BioCatch customers saw more mule activity (14 per cent of the total) in Bhubaneswar than anywhere else in the country.

Lucknow and Navi Mumbai accounted for 3.4 per cent of recorded mule activity, two cities in West Bengal – Bhagabatipur and Gobindapur – 1.7 per cent and 2.6 per cent, respectively, Mumbai 2.2 per cent, Bengaluru 1.8 per cent, and Cuttack 1.6 per cent, said the report.

At one partner bank in the country, BioCatch found nine out of every 10 mule accounts went undetected.

“The prevalence of mule accounts potentially represents the most under-the-radar trend in the entire fraud space,” said Tom Peacock, BioCatch’s director of global fraud intelligence.

The findings came on the heels of a recommendation by the Reserve Bank of India (RBI) that financial institutions in that country abandon text-based, one-time passcodes as a method of secure authentication.

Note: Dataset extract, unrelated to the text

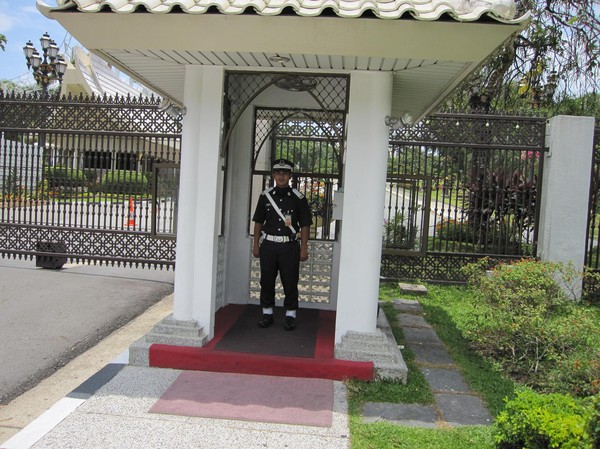 Den ena av två väktare vid entrén till Istana Nurul Iman.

According to counter-fraud expert Charanjeet S. Bhatia, “the existing OTP-based authentication doesn’t protect customers against new-age frauds, including customer-initiated fraudulent transactions.”

“With the right technology and implementations, banks can do a lot more than what they are currently doing to protect customers,” said Charanjeet S. Bhatia in response to the RBI recommendation.